Michael wrote to WhatsApp explaining that as a result of Brexit, Gibraltar had implemented GDPR equivalent legislation into domestic law, known as the “Gibraltar GDPR” .
“Gibraltar GDPR has the same rights and standards, and the same extra territorial effect provisions as the GDPR and the UK GDPR. So even if your organisation is not based in Gibraltar but you offer goods or services into Gibraltar, or if you monitor the behaviour of our residents, local data protection law can apply.”
"The fix was simple. WhatsApp wrote back saying they would be making amendments and when I checked again, Gibraltar had been included.”
Michael said the development was important to ensure privacy standards are maintained in a post-Brexit environment.
“We must try to align ourselves as closely as possible to European Data Protection standards. Being bundled in with the Rest of the World would have made it harder for local users to enforce their privacy rights - it certainly would have placed them at a severe disadvantage compared to their European counterparts”.
This has come at a time of increased global scrutiny of WhatsApp and its privacy practices, in particular following changes that were announced making the mandatory sharing of data with business partner and social media behemoth, Facebook.
In reference to safety, Michael says that “safe is a relative term” depending on the content of the information, but that not much has changed for individual users and that he would, for the time being, continue to use WhatsApp for social purposes.
As regards confidential information, end to end encryption is still a central feature of the service, meaning that WhatsApp cannot see the messages themselves.
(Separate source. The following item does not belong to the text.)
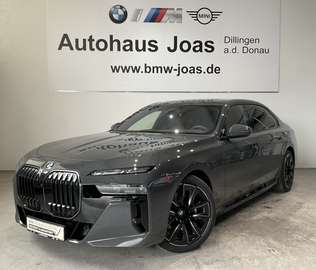 xDrive60 M Sportpaket, Glasdach Sky Lounge, Fond-E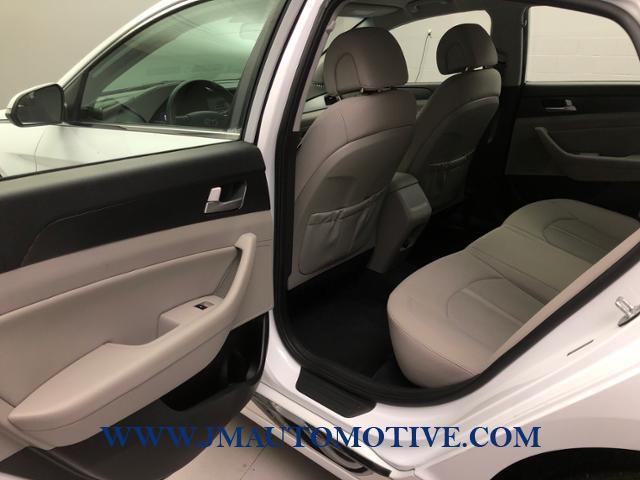 Used Hyundai Sonata Sport 2.4L PZEV 2017 | J&M Automotive Sls&Svc LLC. Naugatuck, Connecticut Used Hyundai Sonata Sport 2.4L PZEV 2017 | J&M Automotive Sls&Svc LLC. Naugatuck, Connecticut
However, Michael acknowledged that WhatsApp had been criticised when compared to other instant messaging service providers as to the volume of metadata it shares with third party partners and urged caution.
“You need to think carefully when using instant messaging services generally.” “Hacking risks exist, especially when data is backed up from your phone into the cloud - it might not be encrypted, and once information is there, it’s outside of your control.”
This development was important to ensure privacy standards are maintained in a post-Brexit environment...being bundled in with the Rest of the World would have made it harder for Gibraltar users to enforce their privacy rights.